I’m nervous about going back on the higher levels but I know that when the soldiers are scheduled for training sessions in the central cleared area, I can move around without being seen. I’ll have to be sneaky and it will take quite a lot of trips up and down the stairs to bring down all that I will need to live comfortably here but it will be so worth it to have peace and safety. I start tabbing through the screens, wishing I had a printer so I could have physical copies to make it easier, but I don’t so I rummage through my pack and pull out the few school books I had with me the day the bombs dropped. I find a math workbook and a lined notebook and pencil so I start writing out what I need to get in priority and where to find each thing.

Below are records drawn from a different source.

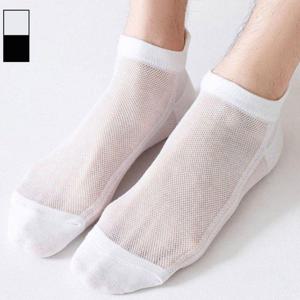 남여공용 얇은 메쉬 소재 양말 URD-209 URD-209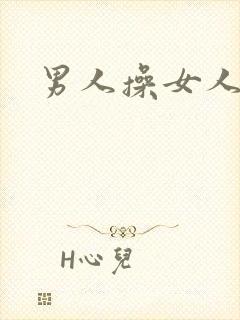 男人操女人小说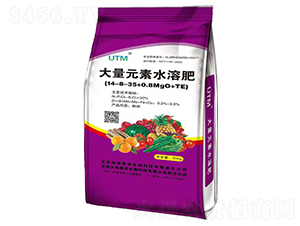 ����Ԫ��ˮ�ܷ���14-8-35+0.8MgO+TE-��ػ��r(n��ng)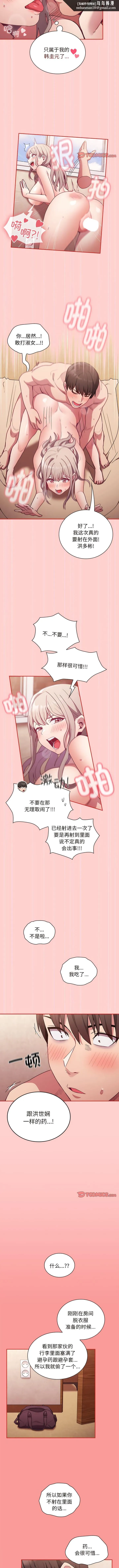 陌生的未婚妻 - 第50話 - page 7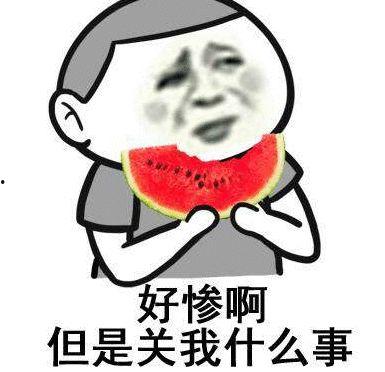 网红吃瓜这谁顶得住,揭秘娱乐圈那些“顶不住”的瞬间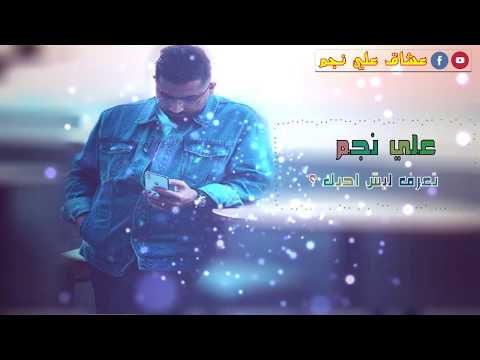 علي نجم تعرف ليش احبك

My stomach chooses that moment to start rumbling, reminding me that I’ve only had one meal in the past two days. Food goes on the top of the list. It’s the number one priority and I start looking to see where the pallets of MRE’s are stored. The idea of going to the food service area three times a day to get my food fills me with dread. I think it’s best that if no one’s looking for me I disappear so that anyone who’s had contact with me in the last two weeks simply forgets that I exist. Second on the list will be bedding. I need somewhere better to sleep because trying to get a restful night sleep on these benches, even if they are padded, is going to get old pretty fast. Thankfully, the mattresses in stock are fairly thin and easy to roll up otherwise I wouldn’t be able to haul one down the stairs without notice. After that, tools. I’m going to need to make some space in this train car to make it comfortable. I know my skinny arms aren’t going to be able to undo the bolts holding the seats to the floor but I know all about leverage from my last science unit and I should be able to get them off with some type of crowbar and wrench. At least I can try anyway. I leave my list at those three things for now because they’re the most important to me. I can always add to it later if I think of more things. Right now, I want food even if it is the bland rations we’ve been consuming for the past two weeks.